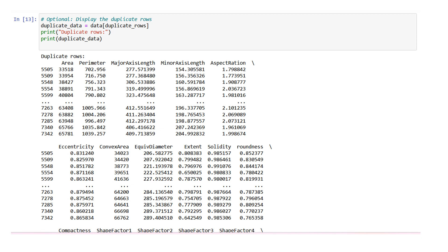Print duplicate rows. This line prints a header indicating that the following output will display the duplicate rows. Print duplicate_data. This line prints the duplicate_data dataframe, which contains only the rows that are identified as duplicates. By running this code, you will see the number of duplicate rows printed, and if you choose to display the duplicate rows, they will be printed as well. This allows you to identify and explore the duplicate rows in your dataframe.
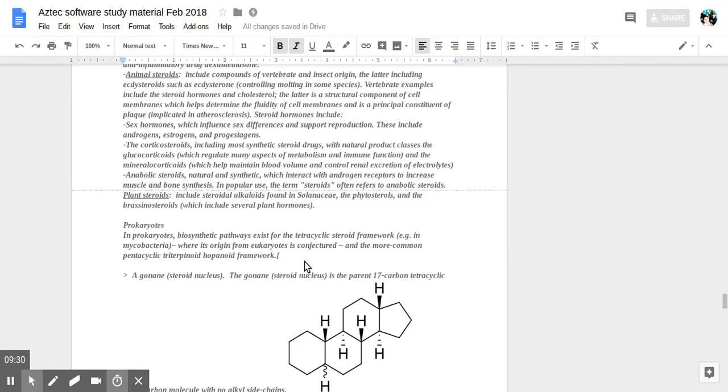The term steroids often refers to anabolic steroids in popular use. Plant steroids include steroidal alkaloids found in Solanaceae, the phytosterols, and the brassinosteroids, including several plant hormones.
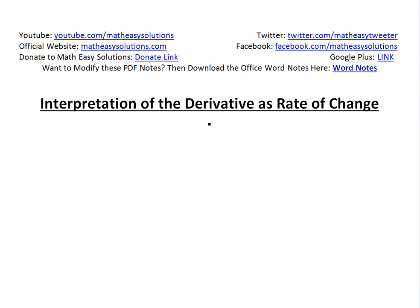Hi, it's time for another Math Easy Solution. Today I'm going to discuss the interpretation of the derivative as a rate of change.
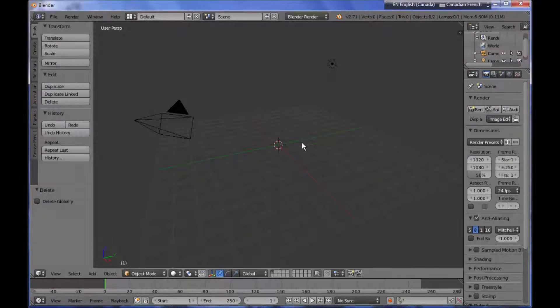Hello everybody and welcome to another video tutorial. My name is Peter Draculits and today I would like to say a few words about the concept of Blender data blocks.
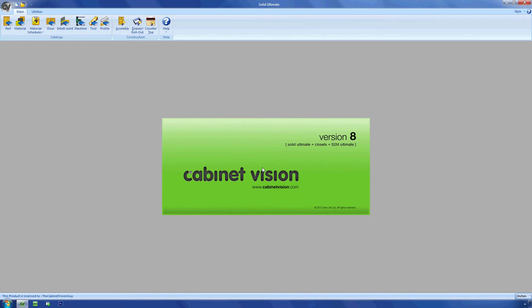Hey, what's up? The Cabinet Vision Guy here with a quick little video about adding some 3D hardware to Cabinet Vision to give your cabinet objects a little more polish.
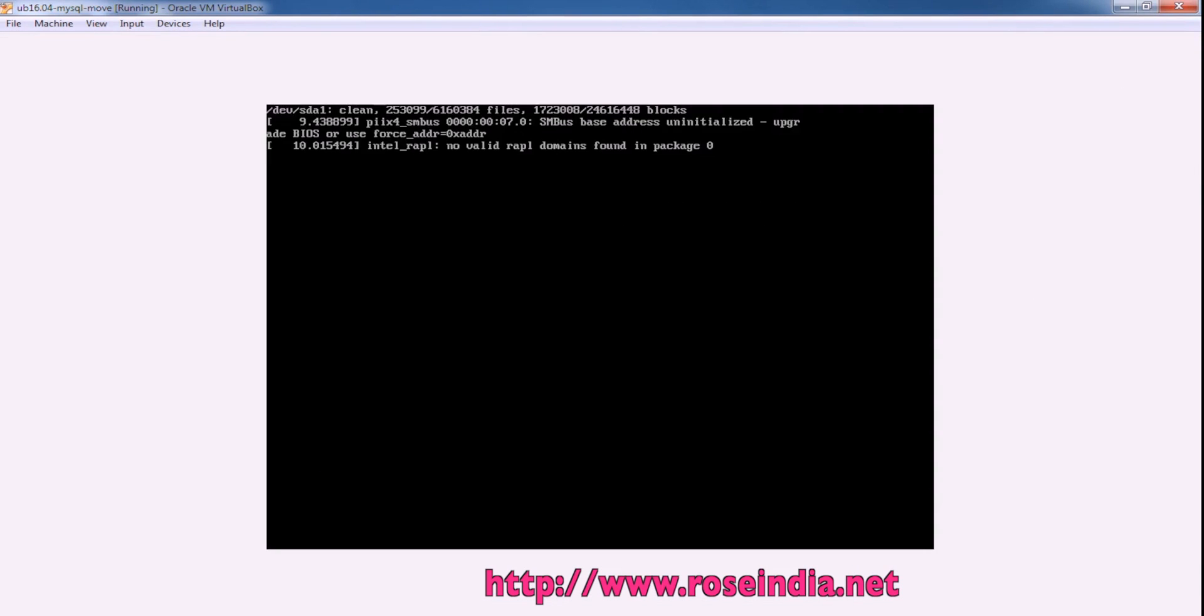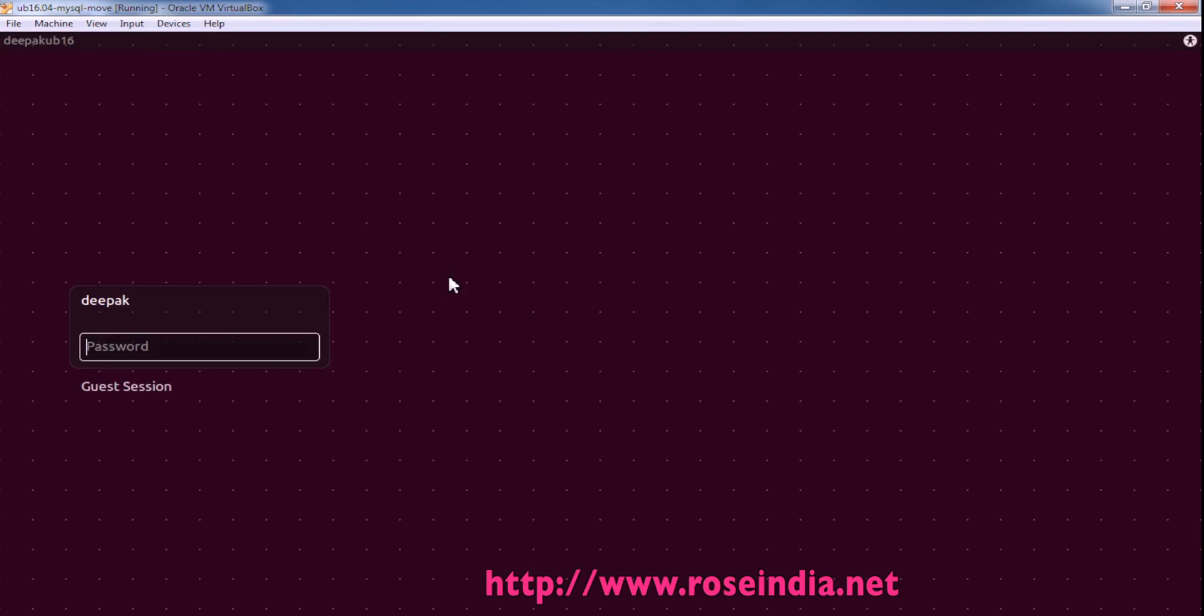So it is starting now. So this way you can import the VDI file in Oracle VirtualBox. Here it started. Thanks for watching the video and subscribe our channel.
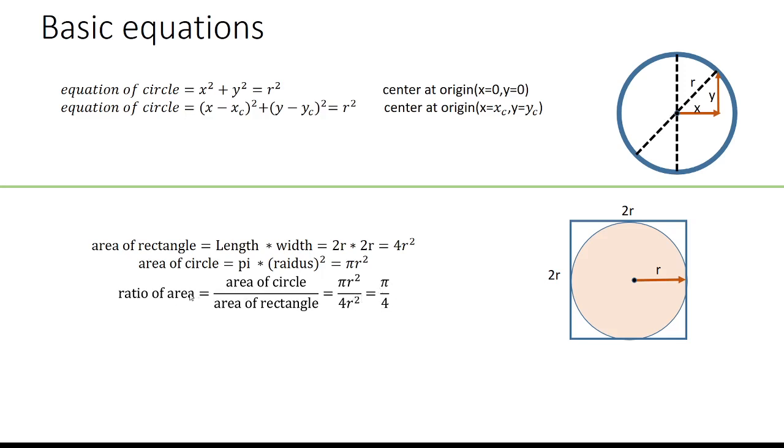By using Monte Carlo simulation, we can find this ratio of areas. We then multiply by 4 to get the value of pi. We're generating the circle using the equation x² + y² = r².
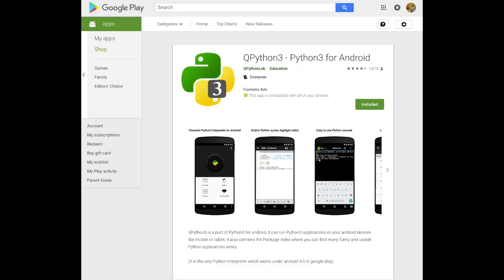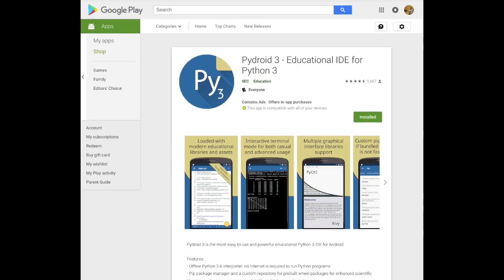If you have an Android phone, you can download apps for Python. You can write Python code in QPython or PythonDroid. I will give you the link in the description.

---*---

* [Instructions for the task]:
Every record must be returned exactly. Leave its pictures out.

* [Exercise output]:
Print duplicate rows. This line prints a header indicating that the following output will display the duplicate rows. Print duplicate_data. This line prints the duplicate_data dataframe, which contains only the rows that are identified as duplicates. By running this code, you will see the number of duplicate rows printed, and if you choose to display the duplicate rows, they will be printed as well. This allows you to identify and explore the duplicate rows in your dataframe.
The term steroids often refers to anabolic steroids in popular use. Plant steroids include steroidal alkaloids found in Solanaceae, the phytosterols, and the brassinosteroids, including several plant hormones.
Hi, it's time for another Math Easy Solution. Today I'm going to discuss the interpretation of the derivative as a rate of change.
Hello everybody and welcome to another video tutorial. My name is Peter Draculits and today I would like to say a few words about the concept of Blender data blocks.
Hey, what's up? The Cabinet Vision Guy here with a quick little video about adding some 3D hardware to Cabinet Vision to give your cabinet objects a little more polish.
So it is starting now. So this way you can import the VDI file in Oracle VirtualBox. Here it started. Thanks for watching the video and subscribe our channel.
By using Monte Carlo simulation, we can find this ratio of areas. We then multiply by 4 to get the value of pi. We're generating the circle using the equation x² + y² = r².
If you have an Android phone, you can download apps for Python. You can write Python code in QPython or PythonDroid. I will give you the link in the description.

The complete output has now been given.